*** DATA SEGMENT ***

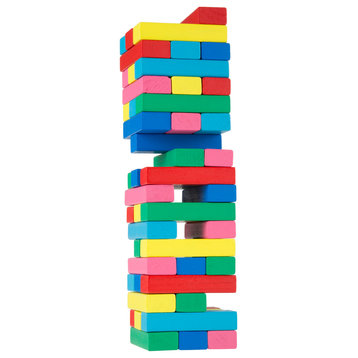 Classic Wooden Blocks Stacking Game With Colored Wood, Carrying Bag
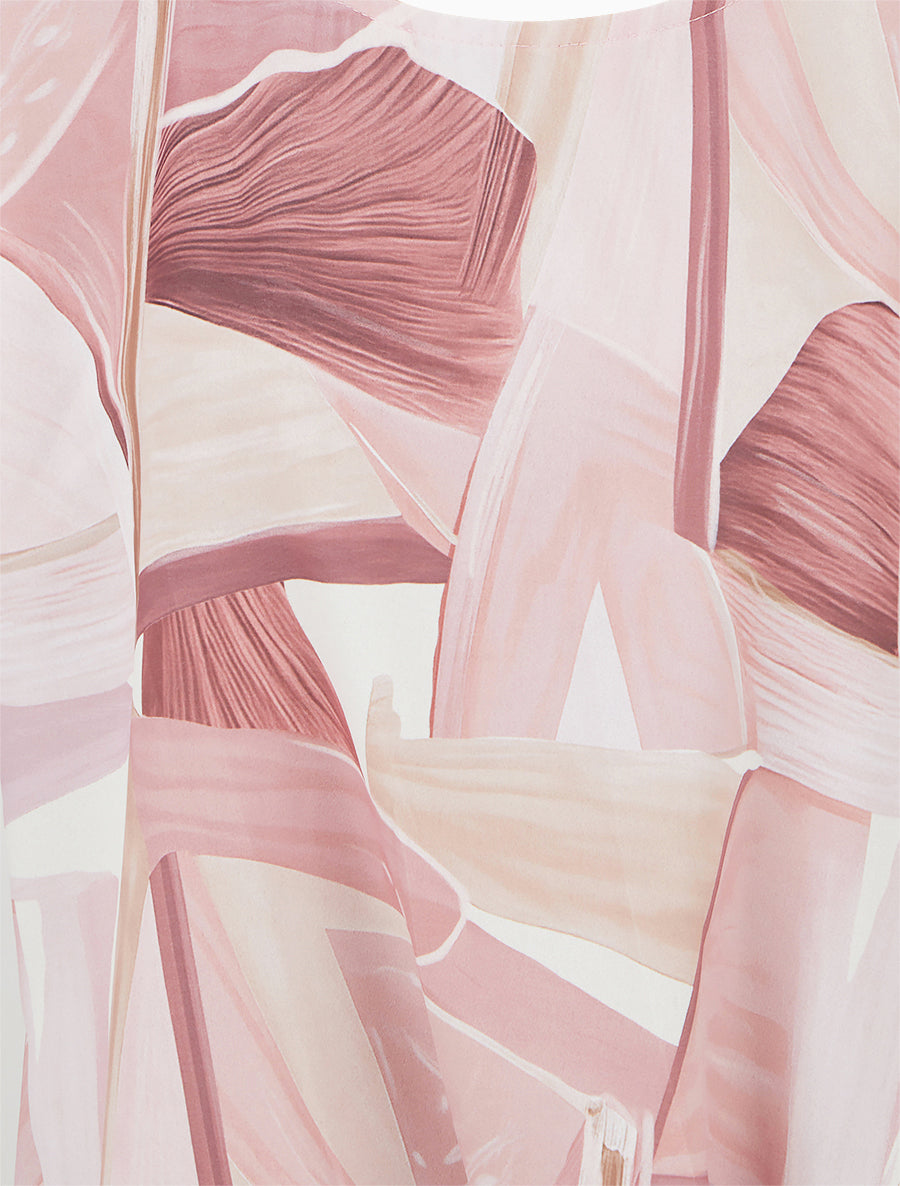 Top à nouer imprimé abstrait - Rose - 3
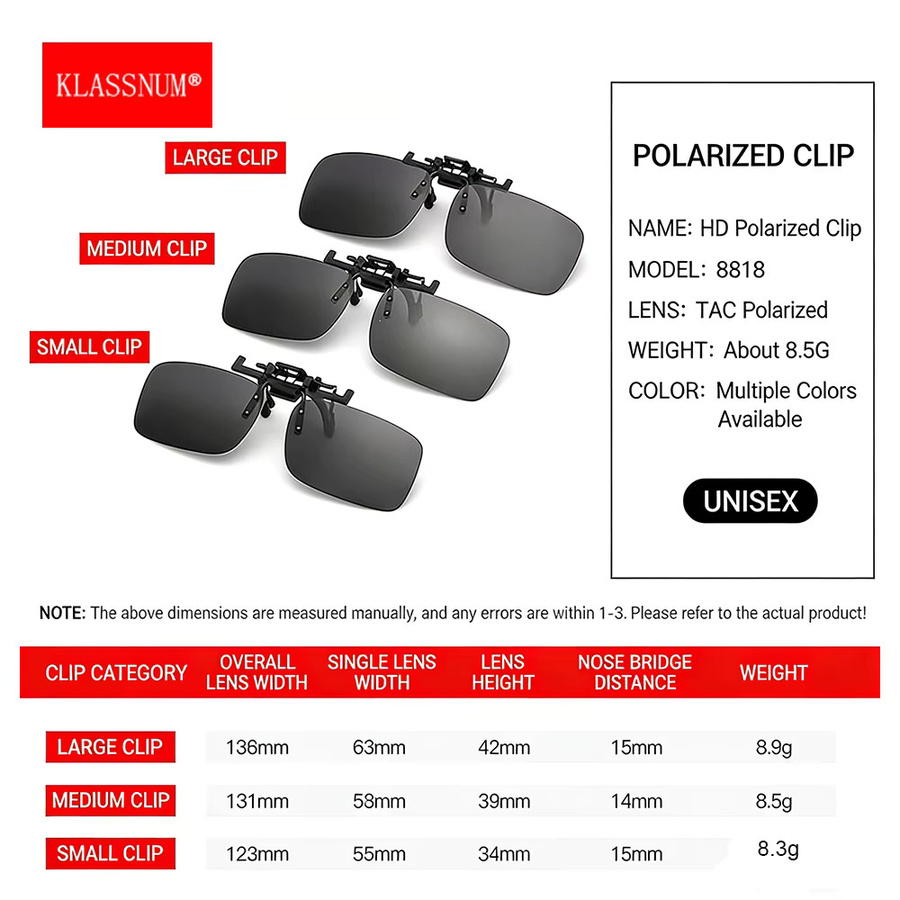 KLASSNUM Clip-On-Sonnenbrille, rectangular, randlos, gelb, Metal, Unisex - Bild 4
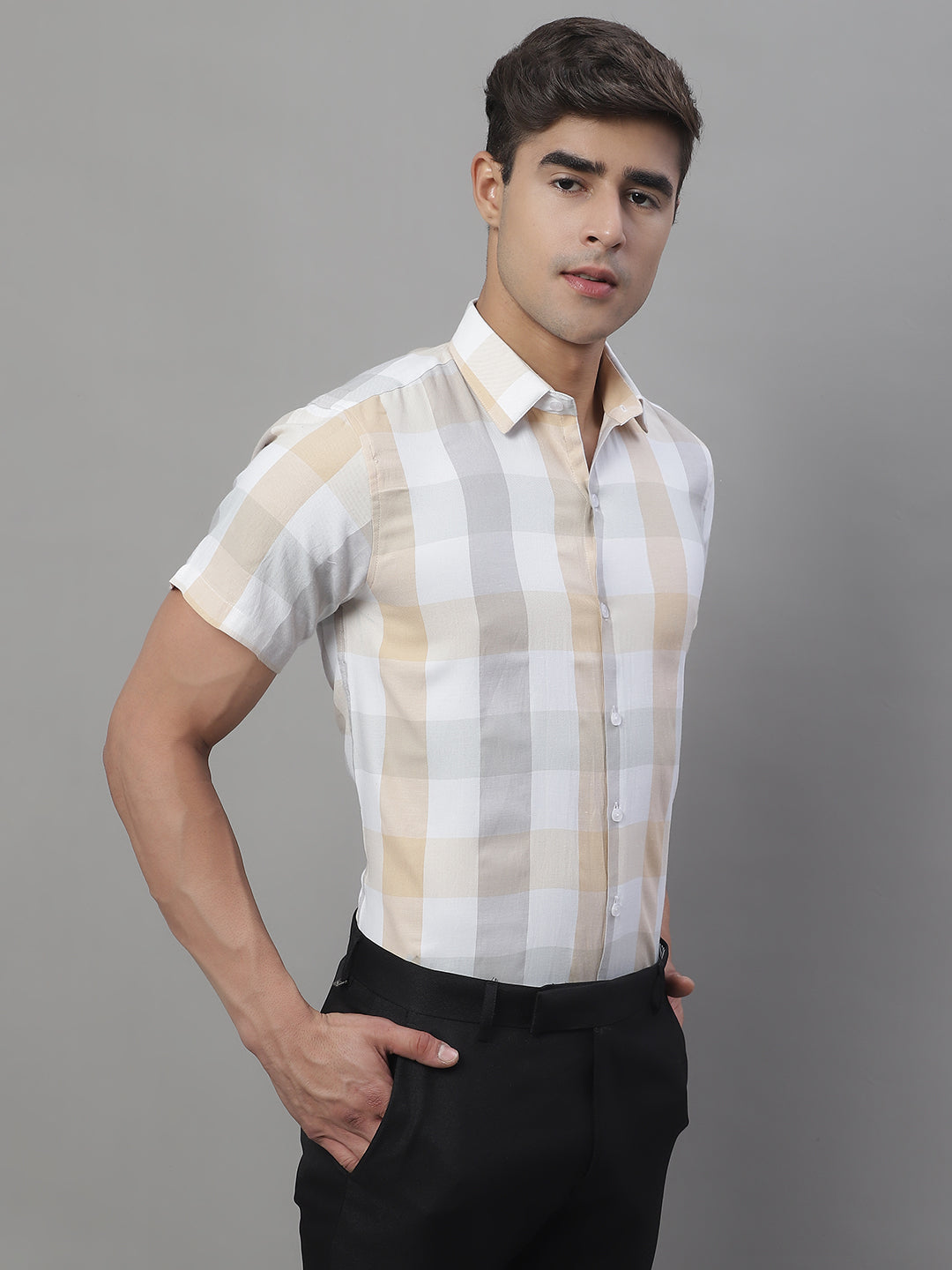 DesiQlo Men Checked Formal Shirt - Beige - SF_876Cream_S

***

> **EXERCISE AIM**: I'd like the material above repeated exactly, with the pictures omitted.

> **OUTPUT FOR THIS TASK**:
 Classic Wooden Blocks Stacking Game With Colored Wood, Carrying Bag
 Top à nouer imprimé abstrait - Rose - 3
 KLASSNUM Clip-On-Sonnenbrille, rectangular, randlos, gelb, Metal, Unisex - Bild 4
 DesiQlo Men Checked Formal Shirt - Beige - SF_876Cream_S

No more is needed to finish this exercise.